Nonetheless, local officials almost always decide that rebuilding makes sense despite the risk that the houses will burn again. Anu Kramer, a researcher at the University of Wisconsin at Madison, looked at what happened to 3,000 buildings destroyed by wildfires in California from 1970 to 1999. She found that 94 percent were rebuilt. The result is that fires consistently—and predictably—destroy homes in the same place.

“I’ve heard firefighters tell me that they’ve been on the line, and they’d have this eerie sense of déjà vu—they’d think, I’ve been here before,” says Christopher Dicus, a professor of wildland fires and fuels management at California Polytechnic State University. “The key is to avoid building in places that are known fire hazards.”

Nobody illustrates the tension in California’s wildfire policy better than Dave Jones. As a state legislator a decade ago, he introduced a bill requiring local governments to account for fire protection. It was vetoed by then-Governor Arnold Schwarzenegger, who said Cal Fire “should not be in the position of having to act as a local land agency.” As a result, the state fire agency is “now fighting to defend subdivisions in high-risk fire areas that they never had to defend before,” Jones says. “The state has to pick up the cost of that. There’s an externalization of the cost of those decisions.”

 

 

 

 

Jones has since become California’s insurance commissioner. In January he asked lawmakers for more authority to stop insurers from raising premiums or dropping customers in response to the growing risk. Jones says his position hasn’t changed and that he still supports using local planning and regulation to limit development in fire-prone areas. He just thinks higher premiums are, by contrast, a “crude tool.” The state’s insurance industry, which faces a record $12 billion in claims after last year’s wildfires, warns that tying insurers’ hands will only push costs onto homeowners elsewhere in California. “Of course, people who choose to live in the forest and local governments that continue to approve development in the forest would like less fire-prone areas to subsidize them,” says Rex Frazier, president of the Personal Insurance Federation of California, which represents the industry. “But that just solves one problem by creating another.”

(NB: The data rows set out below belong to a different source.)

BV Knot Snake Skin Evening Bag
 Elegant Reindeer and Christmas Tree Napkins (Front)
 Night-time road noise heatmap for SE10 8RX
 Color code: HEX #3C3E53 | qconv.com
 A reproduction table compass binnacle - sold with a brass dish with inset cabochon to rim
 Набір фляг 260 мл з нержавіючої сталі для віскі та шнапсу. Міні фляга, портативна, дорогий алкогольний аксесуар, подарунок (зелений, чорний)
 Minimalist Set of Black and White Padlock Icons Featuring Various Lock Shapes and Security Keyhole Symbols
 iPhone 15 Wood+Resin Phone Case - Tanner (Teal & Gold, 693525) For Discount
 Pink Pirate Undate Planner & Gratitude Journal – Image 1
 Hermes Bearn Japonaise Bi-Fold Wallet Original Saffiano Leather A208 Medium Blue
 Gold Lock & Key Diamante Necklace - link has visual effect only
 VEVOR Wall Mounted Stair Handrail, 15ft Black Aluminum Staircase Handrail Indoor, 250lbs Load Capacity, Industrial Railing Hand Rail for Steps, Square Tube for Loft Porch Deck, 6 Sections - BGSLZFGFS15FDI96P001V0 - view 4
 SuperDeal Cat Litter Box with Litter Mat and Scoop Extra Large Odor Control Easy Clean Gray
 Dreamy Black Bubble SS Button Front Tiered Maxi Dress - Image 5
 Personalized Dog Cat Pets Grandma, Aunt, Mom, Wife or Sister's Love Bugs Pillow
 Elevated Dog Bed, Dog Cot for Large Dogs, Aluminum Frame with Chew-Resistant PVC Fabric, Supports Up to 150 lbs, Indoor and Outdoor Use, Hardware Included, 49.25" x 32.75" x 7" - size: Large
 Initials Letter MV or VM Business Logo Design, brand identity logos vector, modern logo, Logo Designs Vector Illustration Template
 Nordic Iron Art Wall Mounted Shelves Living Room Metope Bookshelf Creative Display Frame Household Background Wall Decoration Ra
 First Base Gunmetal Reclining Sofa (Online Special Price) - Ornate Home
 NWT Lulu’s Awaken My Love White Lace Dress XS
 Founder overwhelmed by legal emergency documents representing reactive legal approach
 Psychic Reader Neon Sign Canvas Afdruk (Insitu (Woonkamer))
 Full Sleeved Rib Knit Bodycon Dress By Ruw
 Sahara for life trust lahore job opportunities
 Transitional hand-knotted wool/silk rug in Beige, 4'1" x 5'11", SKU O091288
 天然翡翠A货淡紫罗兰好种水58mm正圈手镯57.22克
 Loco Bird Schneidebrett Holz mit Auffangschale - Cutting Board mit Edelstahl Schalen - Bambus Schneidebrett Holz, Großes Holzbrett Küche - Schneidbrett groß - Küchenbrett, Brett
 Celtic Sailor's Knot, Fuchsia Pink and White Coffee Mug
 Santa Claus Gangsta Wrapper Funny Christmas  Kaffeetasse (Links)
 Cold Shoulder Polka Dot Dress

Even attempts at small fixes have failed. In 2011 the legislature levied a fee on people who live in “state responsibility areas”—zones outside cities where the state, rather than local officials, carries the burden of dealing with wildfires. But the fee, which topped out at about $150, proved deeply unpopular among the 800,000 or so households that paid it. Last July the governor scrapped it, replacing the revenue with state funds. Brown’s office declined to comment.